Ekonomistlere göre bundan sonra fiyat istikrarının sağlanması için TCMB’nin izleyeceği para politikası asıl belirleyici olacak.
‘Faiz artışı değil, teknik bir düzeltme yapıldı’
TCMB başkanlığına yeni atanan Naci Ağbal yönetiminde alınacak ilk karar olduğu için karar merakla bekleniyordu.
TCMB’nin politika faizi yüzde 10,25 seviyesinde olsa da piyasaya uyguladığı faiz yüzde 14,80’e kadar çıkmıştı.
Ekonomist Arda Tunca, açıklanan kararla faize sadece 0,20’lik bir artırım yapıldığını açıklıyor.

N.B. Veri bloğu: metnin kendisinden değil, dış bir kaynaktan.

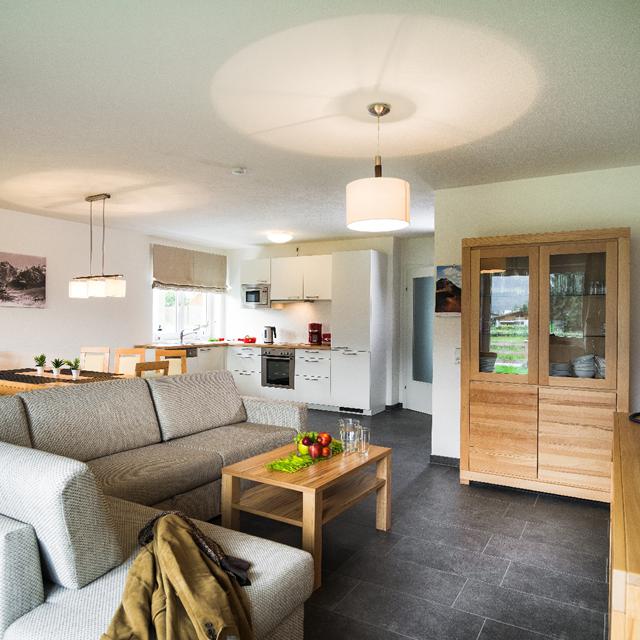 apartments-zell-am-see-areitxpress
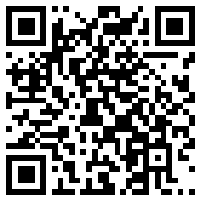 QR Code for bitcoin:bitcoin:1AVgMLtmY199uP4vxGdhJsAvKuKC4J188r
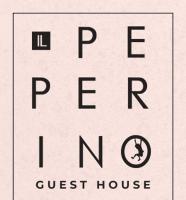 Il Peperino GuestHouse - B&B Viterbo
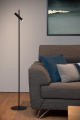 79781-05-30%20sf1.jpg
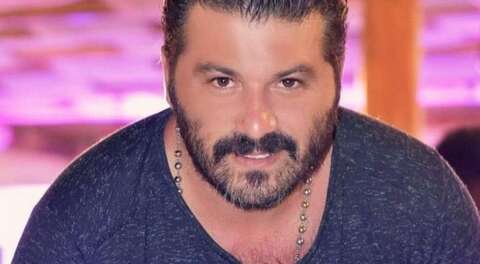 يزن السيد في أعنف هجوم على خالد النبوي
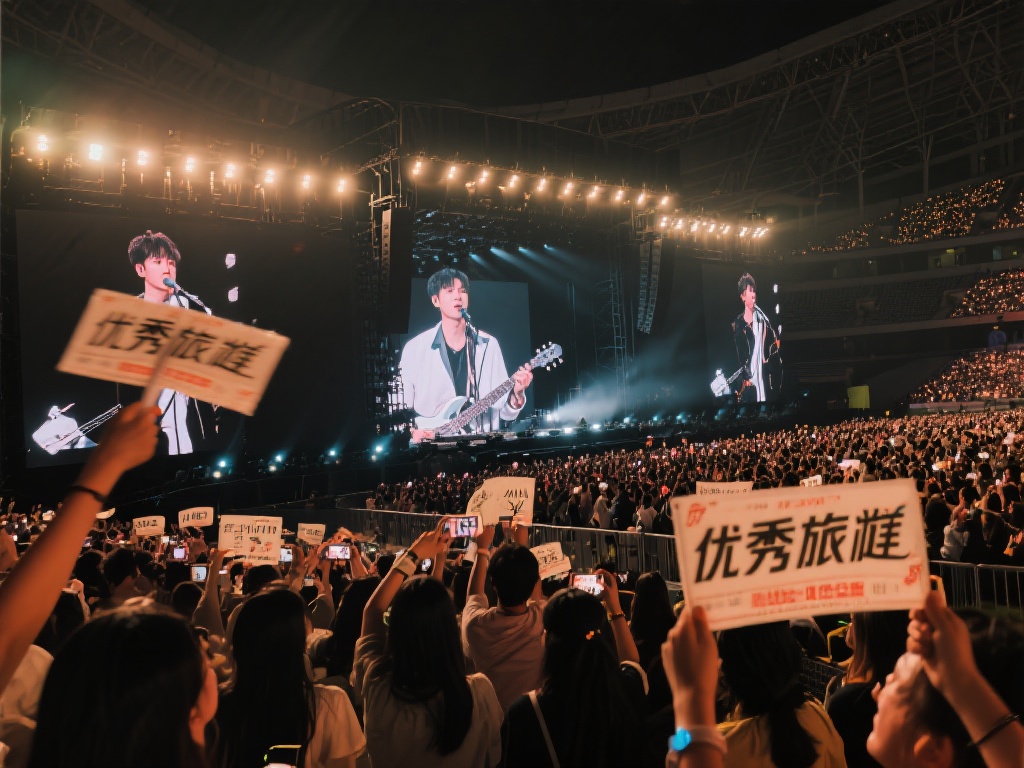 快速发展 快速发展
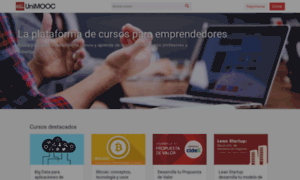 Unimoocaemprende.appspot.com thumbnail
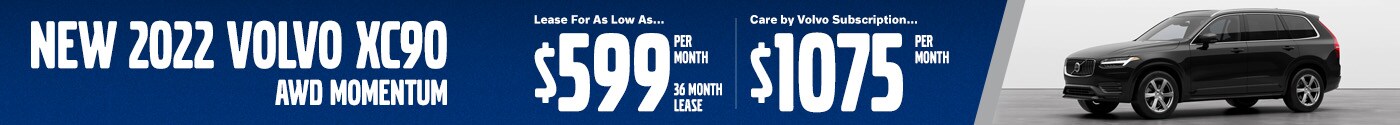 2022-09 Volvo XC90 Page Banner.jpg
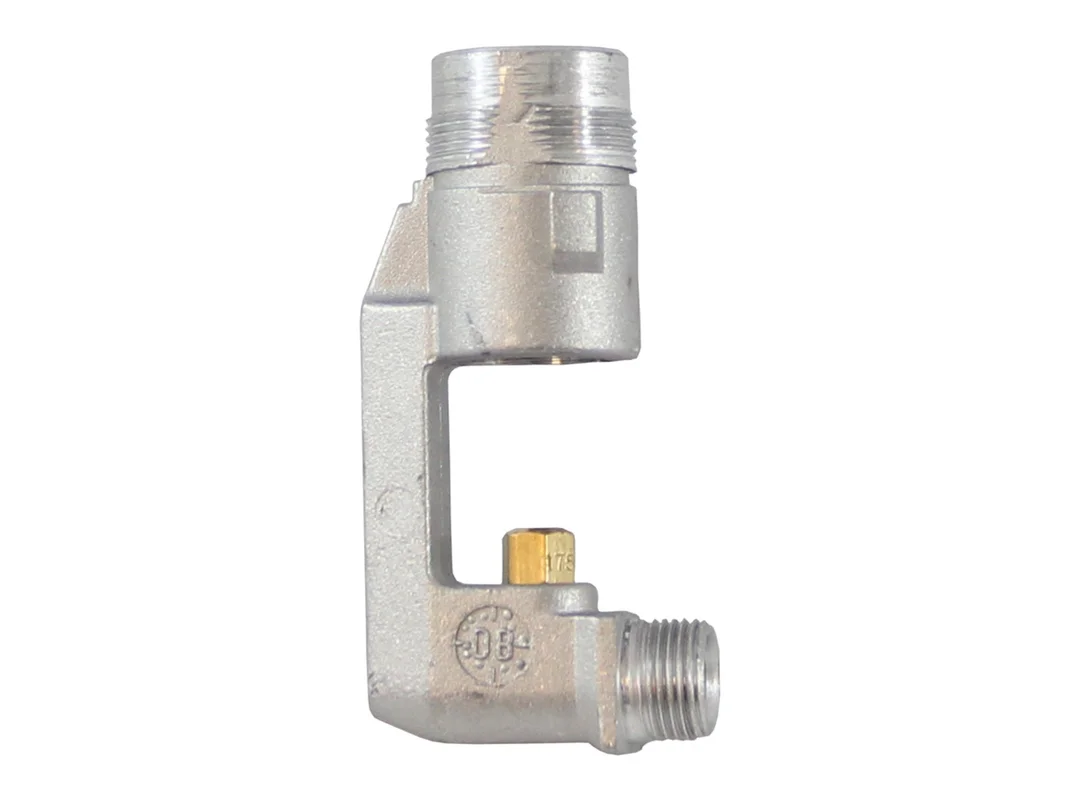 partsnet523554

Bunun gerçek bir faiz artırımı olmadığını vurgulayan Tunca, TCMB’nin teknik bir düzeltme yaptığını aktarıyor.
‘TCMB’nin temel görevi parasal istikrarı korumak’
Tunca, “TCMB’nin temel görevi parasal istikrarı korumaktır. Bu da enflasyonla korunur” açıklamasında bulunuyor.

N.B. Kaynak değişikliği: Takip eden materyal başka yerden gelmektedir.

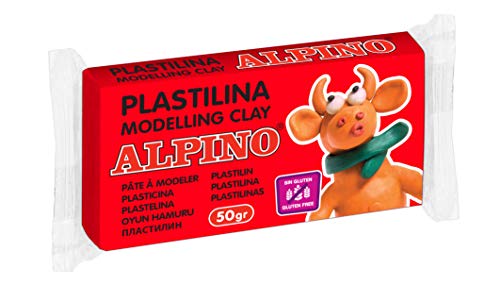 Alpino DP00005901 Tablette von Alpino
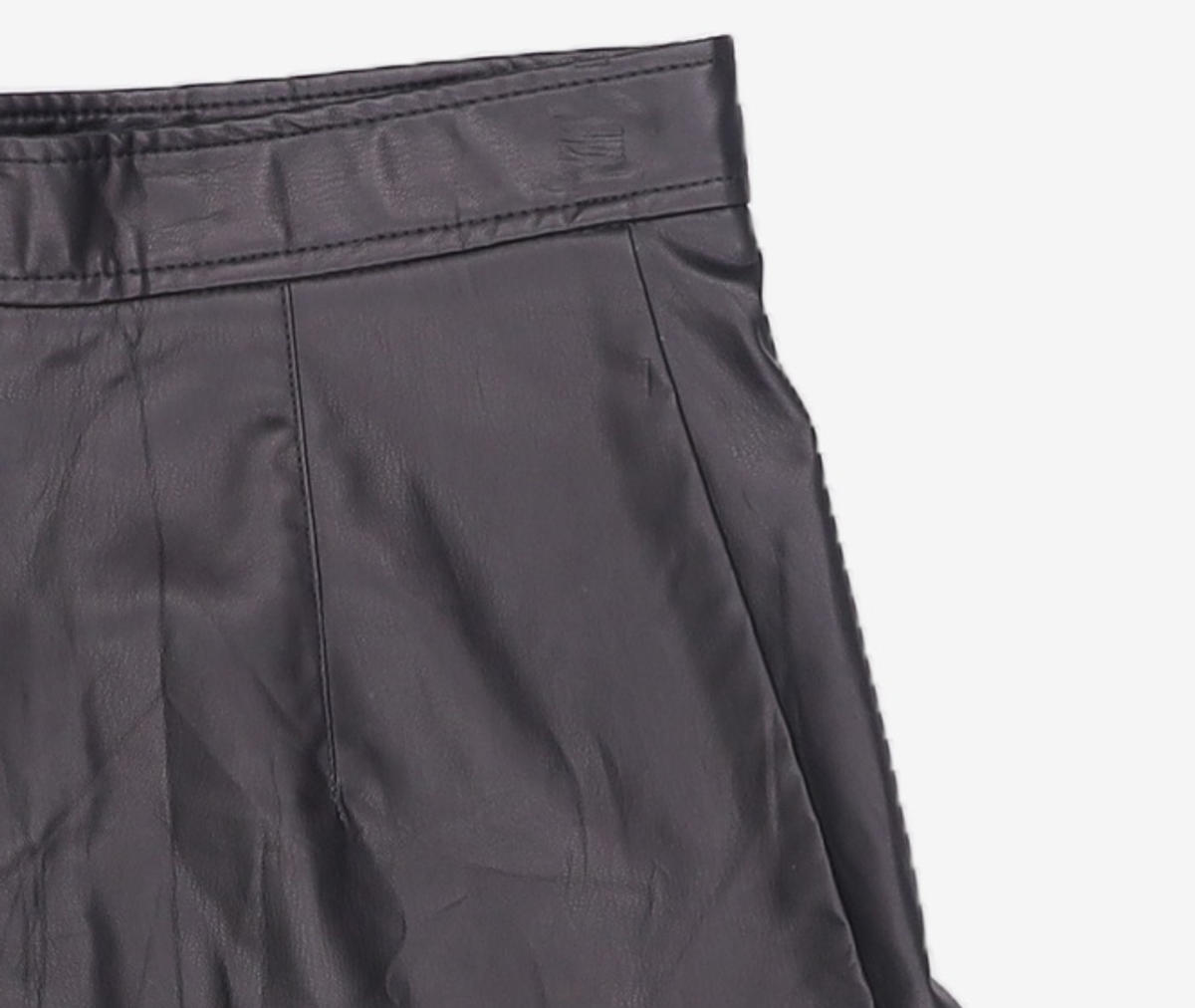 에이치앤엠(H&M) 미니스커트 EUR 36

TCMB, uzun zamandır enflasyon hedeflerini tutturamaması yüzünden eleştiriliyordu.
Merkez Bankası’nın 2019 yılı için enflasyon hedefi yüzde 5’ti; ancak yıl sonu enflasyonu yüzde 11,84 olarak gerçekleşti.
TÜİK’e göre ekim ayında enflasyon yüzde 11,89 oldu.

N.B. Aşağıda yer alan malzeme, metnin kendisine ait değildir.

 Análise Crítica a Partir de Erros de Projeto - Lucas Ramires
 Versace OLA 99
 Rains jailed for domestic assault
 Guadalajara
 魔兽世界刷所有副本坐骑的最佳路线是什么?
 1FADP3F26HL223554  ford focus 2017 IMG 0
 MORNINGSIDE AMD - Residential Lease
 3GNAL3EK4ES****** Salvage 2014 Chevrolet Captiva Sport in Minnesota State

TCMB’nin eski başkanı Murat Uysal, ekim ayında düzenlenen yılın son enflasyon raporu sunumunda daha önce yüzde 8,9 olarak açıklanan 2020 yıl sonu enflasyon beklentisini yüzde 12,1’e çektiklerini belirtmişti.
‘Yapılması gereken enflasyon beklentilerini kalıcı olarak düşürmek’
Koç Üniversitesi Öğretim Üyesi Prof. Dr. Selva Demiralp, para politikasında bundan sonra kurda bir istikrar sağlanana kadar yüksek faiz politikasının takip edileceğini, ancak ardından faiz indirimleri olacağını tahmin ediyor.
Demiralp, enflasyon beklentilerinde kalıcı bir düşüş sağlanmadan gelen ‘sabırsız faiz indirimlerinin’ fiyat istikrarı için yeterli olmadığını söylüyor:
“Enflasyon düşmeden gelen faiz indirimleri bir noktadan sonra dolarizasyonu, sermaye çıkışını tetikliyor ve bugün başladığımız noktaya geri geldiğimiz bir süreci yaşıyoruz.”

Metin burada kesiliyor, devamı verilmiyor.